KOUGUELL: Were you able to offer the family any practical advice and did you receive any from them as part of the experience?
CLIPP: They taught me a lot about Mongolian culture. The family told me about Mongolian music and Mongolian food and the countryside. I think I taught the kids a little bit about film making and definitely some kind of cultural exchange going on between us. He taught me how to ride a bike around a busy city and we were learning stuff off each other all the time, really.
KOUGUELL: Did Begszuren and his family help any other families nearby with couch-surfing?
CLIPP: I think other families were very, maybe skeptical at first of the idea or weren’t entirely sure of what Begszuren was doing and I know, like, he was couch surfing so it changed his diet which makes a lot of changes in his family’s lifestyle. So I think the neighbors sort of watched keenly but as far as I know, none of them have hosted. But when we were there we met a few of the neighbors and they were friendly. And where he lived, not so many people spoke English, so I guess it’s more of a barrier with the other families. But I’m sure since then there’s been a knock on impact on the neighborhood with the projects and stuff he’s been doing through couch-surfing.
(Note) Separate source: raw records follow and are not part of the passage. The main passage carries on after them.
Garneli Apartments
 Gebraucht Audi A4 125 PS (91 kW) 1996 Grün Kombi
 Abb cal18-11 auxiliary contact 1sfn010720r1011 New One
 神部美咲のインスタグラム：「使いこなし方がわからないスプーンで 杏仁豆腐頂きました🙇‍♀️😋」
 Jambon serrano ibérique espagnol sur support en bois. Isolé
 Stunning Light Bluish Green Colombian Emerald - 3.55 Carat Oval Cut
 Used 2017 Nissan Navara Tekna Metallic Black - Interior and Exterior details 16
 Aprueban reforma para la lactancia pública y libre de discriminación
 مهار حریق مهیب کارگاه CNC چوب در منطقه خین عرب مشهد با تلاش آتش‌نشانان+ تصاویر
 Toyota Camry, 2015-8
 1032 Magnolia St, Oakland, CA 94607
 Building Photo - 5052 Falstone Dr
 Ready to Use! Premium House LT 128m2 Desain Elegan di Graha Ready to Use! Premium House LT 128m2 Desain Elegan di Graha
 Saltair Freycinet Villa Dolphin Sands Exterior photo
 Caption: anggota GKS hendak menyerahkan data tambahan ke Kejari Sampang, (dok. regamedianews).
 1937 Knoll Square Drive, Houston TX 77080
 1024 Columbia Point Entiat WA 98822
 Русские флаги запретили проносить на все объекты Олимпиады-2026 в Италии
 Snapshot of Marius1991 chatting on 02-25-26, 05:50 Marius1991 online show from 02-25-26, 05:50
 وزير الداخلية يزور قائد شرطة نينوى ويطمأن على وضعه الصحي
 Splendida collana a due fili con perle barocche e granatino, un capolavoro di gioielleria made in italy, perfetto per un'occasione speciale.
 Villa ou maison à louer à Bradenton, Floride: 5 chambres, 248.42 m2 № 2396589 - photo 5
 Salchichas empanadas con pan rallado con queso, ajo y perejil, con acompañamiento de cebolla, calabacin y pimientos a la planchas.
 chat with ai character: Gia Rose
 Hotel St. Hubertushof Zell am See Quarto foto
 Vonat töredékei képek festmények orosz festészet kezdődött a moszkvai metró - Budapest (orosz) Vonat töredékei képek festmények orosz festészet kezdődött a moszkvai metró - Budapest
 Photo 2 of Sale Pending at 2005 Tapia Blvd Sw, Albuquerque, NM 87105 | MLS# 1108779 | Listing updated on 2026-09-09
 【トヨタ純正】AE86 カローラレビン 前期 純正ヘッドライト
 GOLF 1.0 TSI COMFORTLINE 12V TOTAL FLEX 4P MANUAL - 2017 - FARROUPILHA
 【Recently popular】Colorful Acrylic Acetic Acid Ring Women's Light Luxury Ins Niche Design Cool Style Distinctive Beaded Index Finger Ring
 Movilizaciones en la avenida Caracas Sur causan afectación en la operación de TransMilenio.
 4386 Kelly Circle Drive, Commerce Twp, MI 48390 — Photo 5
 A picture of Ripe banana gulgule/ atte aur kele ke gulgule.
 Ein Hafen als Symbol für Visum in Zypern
KOUGUELL: How prevalent is couch surfing in Mongolia and elsewhere in Asia?
CLIPP: When I was there I think there are maybe six or seven couch surfers listed for the whole of Mongolia, [and] I know that’s increased since. When I was there, there really was very few, it’s quite a small community. But I think with couch surfing, word spread fairly fast and there’s a lot more now in Mongolia. As for the rest of Asia, I know in certain places there’s a lot, in other places, not so much. But I think couch surfing now has a pretty good coverage all over the world.
KOUGUELL: Would you say there’s some kind of message about inviting foreign visitors to live in your home?
CLIPP: There’s a strong message of just how much there is to gain for everyone. I mean there’s so much more than a place to sleep. Such an exchange of ideas and cultures, it’s so beneficial both for the people staying to get ideas of what to see and what to do from locals, rather than from tour books or tour guides. And then for the people hosting, to see so much of the world without leaving their own house, I think is amazing. You have people who can’t travel or committed to work or committed to a certain city or place. They can host people from all over the world and just learn so much about countries that they may get to visit in the future, [even if] they may not, but they still [experience] so many ideas being shared.
KOUGUELL: Begszuren says that couch surfing may change the world. Do you agree with that?
CLIPP: Yeah I think definitely. I think there’s been so many connections forged between people from all over the world. I think it’s already, maybe in a small way, it’s already changed the world. For some people, definitely, I think there’s lots of friendships and people have met on couch surfing and stayed in touch for years and years and they’ve sort of gone to each other’s places. Yeah, I think it shows a great side of humanity which some people may not think exists anymore. People would let complete strangers in and put them up and that element of trust I think is fantastic and the more positive experiences couch surfing generates, the more trust there will be between people. So I think it can definitely change the world.
KOUGUELL: Clipp is certainly making his contribution. At just 11 minutes long, A Mongolian Couch is the winner of several independent film awards and screened around the world in the United States, Europe and Asia. The film shows that reaching out to others is a mutually rewarding experience and as Clipp’s work proves, couch surfing is the essence of sharing, no matter the distance.